比延駅は大正13(1924)年12月27日、播丹鉄道が野村(現:西脇市)から谷川まで延伸した際に開業。当時の所在地は多可郡比延庄(ひえのしょう)村。比延庄は古代の荘園に由来し、神功皇后が航海安全の神様として知られる大阪の住吉神社に寄進したと伝わる。
「比延(ひえ)」の地名については播磨国風土記によれば、応神天皇が狩りをした際に鹿が「比々(ひひ)」と鳴いたのを哀れに思って中止させたことから、その山を「比也山」と呼ぶようになったとされる。この山が駅東方の比延山で、戦国時代には本郷氏が比延山城を築いていた。
江戸時代の寛政4(1792)年、比延庄村の宮大工・飛田安兵衛が京都西陣から織物製作の技術を導入し、農家の副業として広まったのが「播州織」で、明治から昭和にかけての西脇は繊維産業の町として栄えた。
比延駅の駅舎は長らく開業時のものが使用されてきたが、老朽化とバリアフリー化のため令和元(2019)年11月5日頃に役目を終え、解体された。跡地には屋根とベンチだけの簡素な待合所が建設されている。
待合所は令和2(2020)年1月に完成。風向き次第では雨を防ぐことすらできないような極めて簡素なもので、ないよりはマシといった程度の設備となっている。
比延駅に続いて建て替えられた本黒田駅の場合はベンチの両端に壁が付いているので少しだけ改善されているといった印象だ。
ホームは単式一面一線。対向ホームの後も残っており、草に覆われているものの、本黒田駅と比べると痕跡が分かりやすい。
改築工事中は本黒田駅同様に仮設通路を設置して迂回する形が取られていた。本黒田駅同様、比延駅でも仮駅舎や仮待合室は使用されていない。
西脇市統計書によれば、令和4(2022)年度の比延駅の一日の乗客数は8人。うち7人が定期と通学利用がそのほとんどを占めている。改築された令和元(2019)年度でも13人で、それだけの利用しかない駅に立派な木造駅舎は過剰な設備だとの判断もあったのだろう。

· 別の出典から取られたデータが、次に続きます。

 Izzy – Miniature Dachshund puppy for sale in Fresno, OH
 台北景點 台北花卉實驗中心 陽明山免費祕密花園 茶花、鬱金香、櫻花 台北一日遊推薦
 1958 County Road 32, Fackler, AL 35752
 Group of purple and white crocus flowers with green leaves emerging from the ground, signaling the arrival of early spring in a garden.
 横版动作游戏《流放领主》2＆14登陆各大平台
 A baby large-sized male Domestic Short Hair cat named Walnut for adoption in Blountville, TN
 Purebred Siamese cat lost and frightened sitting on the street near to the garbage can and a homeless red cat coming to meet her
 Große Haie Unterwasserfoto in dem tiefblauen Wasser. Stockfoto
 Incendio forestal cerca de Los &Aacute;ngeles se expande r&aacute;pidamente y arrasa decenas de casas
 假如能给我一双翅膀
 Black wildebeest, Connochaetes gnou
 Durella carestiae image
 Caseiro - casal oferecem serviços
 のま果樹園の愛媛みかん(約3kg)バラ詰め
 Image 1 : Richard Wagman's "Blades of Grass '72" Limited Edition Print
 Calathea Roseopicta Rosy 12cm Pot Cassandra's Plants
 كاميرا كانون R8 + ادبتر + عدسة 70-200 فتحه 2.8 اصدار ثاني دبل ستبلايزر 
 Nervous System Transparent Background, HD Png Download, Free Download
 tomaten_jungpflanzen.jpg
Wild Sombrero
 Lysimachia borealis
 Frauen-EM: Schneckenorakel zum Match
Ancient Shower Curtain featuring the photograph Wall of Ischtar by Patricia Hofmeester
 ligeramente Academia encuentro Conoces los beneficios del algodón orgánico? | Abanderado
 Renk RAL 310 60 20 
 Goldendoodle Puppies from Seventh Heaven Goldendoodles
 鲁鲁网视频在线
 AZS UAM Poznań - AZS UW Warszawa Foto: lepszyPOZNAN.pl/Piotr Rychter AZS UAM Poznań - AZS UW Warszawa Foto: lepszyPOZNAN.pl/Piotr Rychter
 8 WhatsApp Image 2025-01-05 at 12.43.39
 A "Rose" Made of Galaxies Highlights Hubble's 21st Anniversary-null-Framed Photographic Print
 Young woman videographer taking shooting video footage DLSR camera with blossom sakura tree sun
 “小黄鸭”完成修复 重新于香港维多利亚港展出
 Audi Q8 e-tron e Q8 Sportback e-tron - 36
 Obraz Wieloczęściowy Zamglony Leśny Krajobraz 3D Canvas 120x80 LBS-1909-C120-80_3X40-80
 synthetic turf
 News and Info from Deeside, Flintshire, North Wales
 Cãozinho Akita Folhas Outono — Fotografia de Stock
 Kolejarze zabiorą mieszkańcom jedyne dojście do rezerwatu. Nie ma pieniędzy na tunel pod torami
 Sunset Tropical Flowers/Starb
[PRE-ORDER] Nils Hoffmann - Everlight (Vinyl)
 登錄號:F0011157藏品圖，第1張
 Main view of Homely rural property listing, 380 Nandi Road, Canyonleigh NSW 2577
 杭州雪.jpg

駅から東に400mほどのところには戦前に建てられた公民館が残っている。建てられた年は不明だが、設計者は重要文化財・西脇小学校の設計で知られる内藤克雄。戦前の北播で活躍した建築家で、西脇・加東・小野・加西にその作品が残っている。
駅がある鹿野町などは比延地区の中でも加古川下流側の「下比延」で、日本へそ公園駅周辺が「上比延」にあたる。かつての多可郡比延庄村は昭和27(1952)年4月1日に西脇町などと合併して西脇市の一部となった。